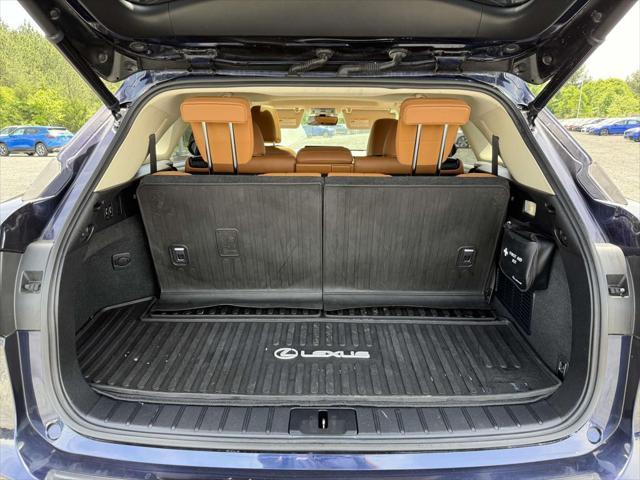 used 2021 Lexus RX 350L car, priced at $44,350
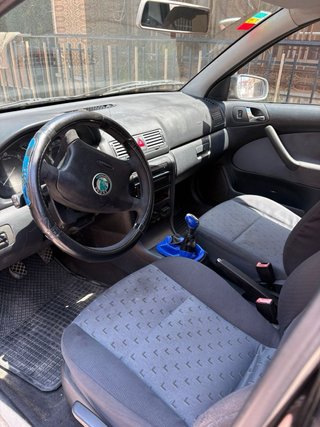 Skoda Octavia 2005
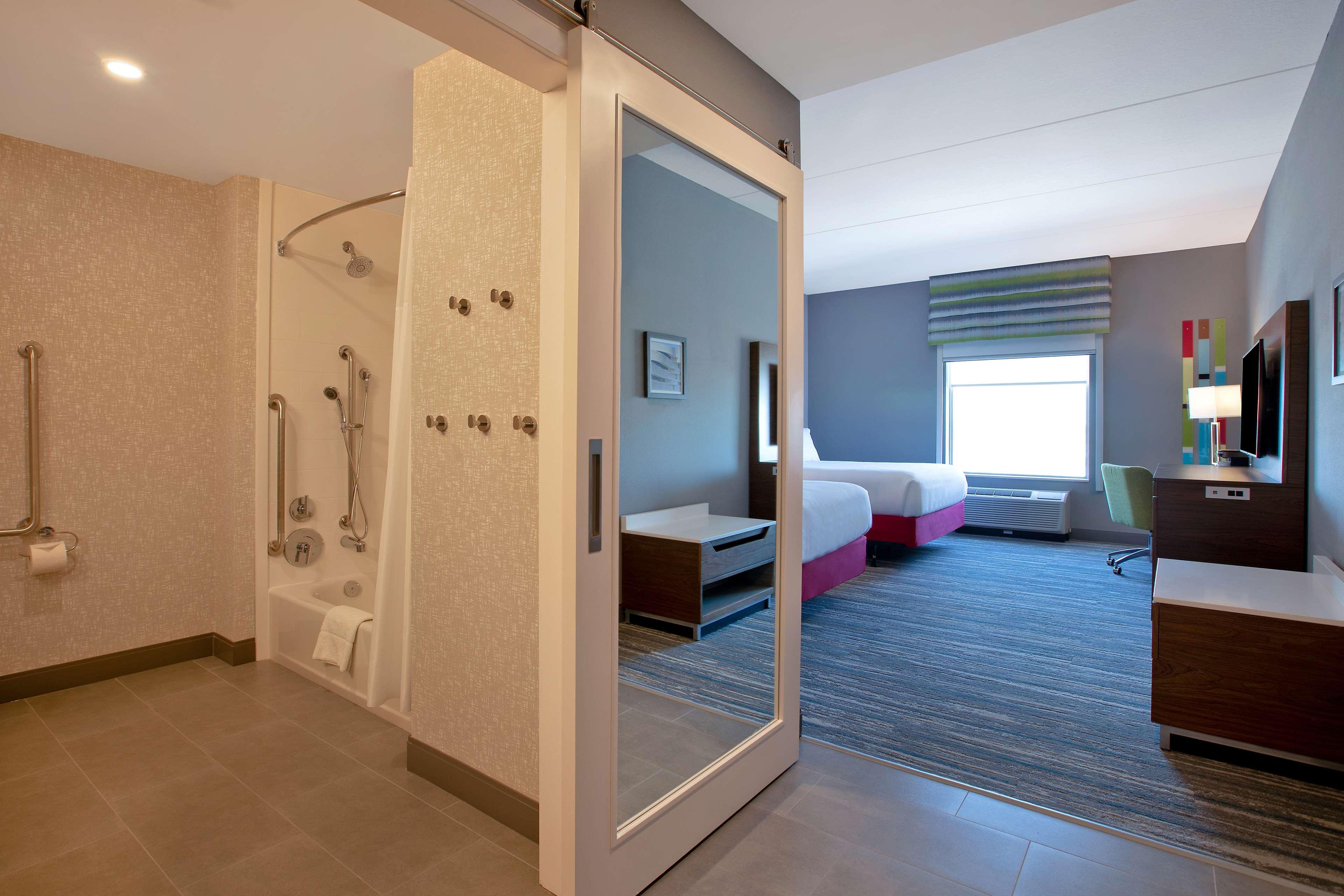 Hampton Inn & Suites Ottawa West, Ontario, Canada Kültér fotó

=-=-=

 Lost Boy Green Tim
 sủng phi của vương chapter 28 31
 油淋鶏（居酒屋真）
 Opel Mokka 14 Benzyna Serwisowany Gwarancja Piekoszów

=-=-=

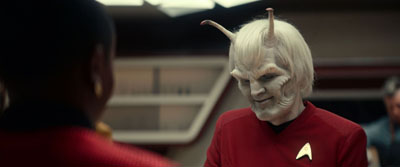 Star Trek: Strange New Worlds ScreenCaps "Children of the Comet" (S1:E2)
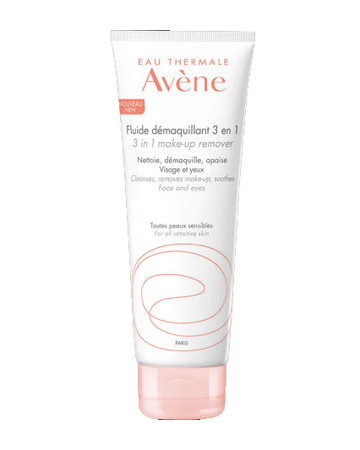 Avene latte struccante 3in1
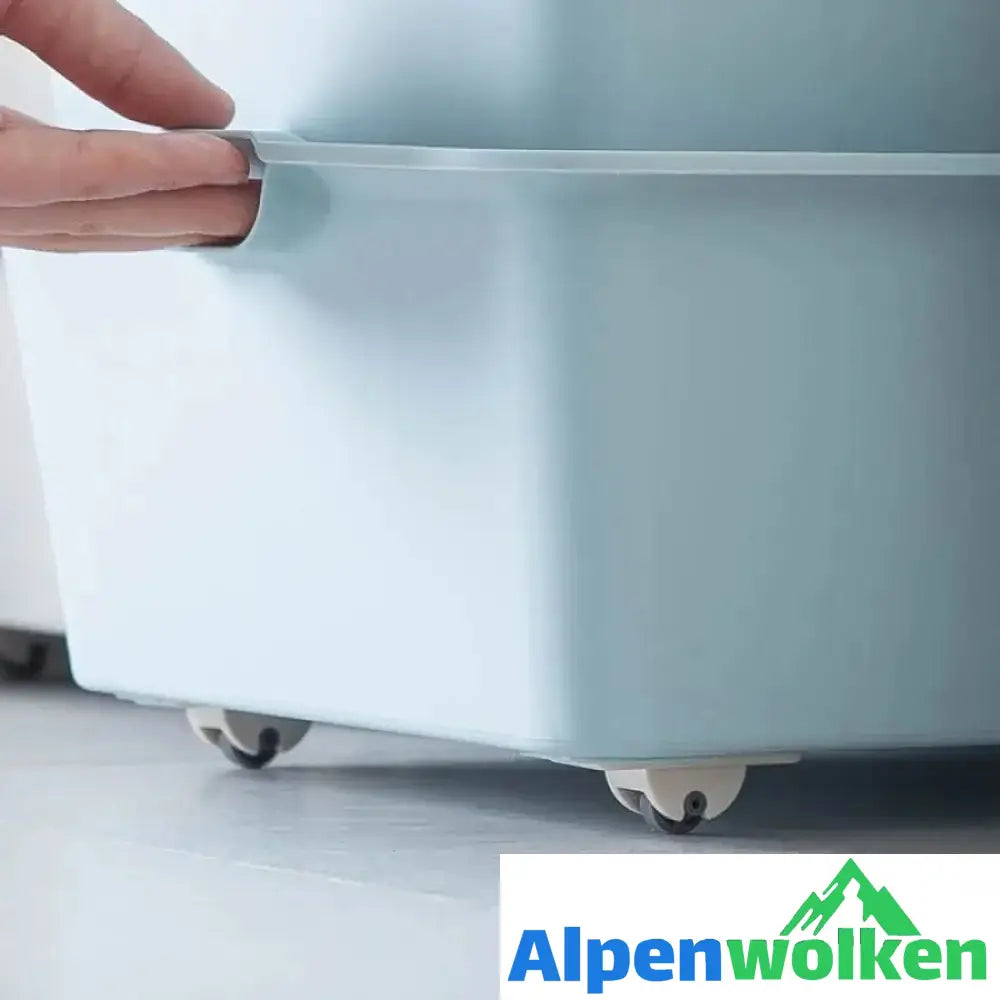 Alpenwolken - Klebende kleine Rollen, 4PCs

=-=-=

Taking the entries above, extract every line from the one bearing "Star Trek: Strange" through the one bearing "Alpenwolken - Klebende kleine Rollen, 4PCs", exactly, with no pictures.

 Star Trek: Strange New Worlds ScreenCaps "Children of the Comet" (S1:E2)
 Avene latte struccante 3in1
 Alpenwolken - Klebende kleine Rollen, 4PCs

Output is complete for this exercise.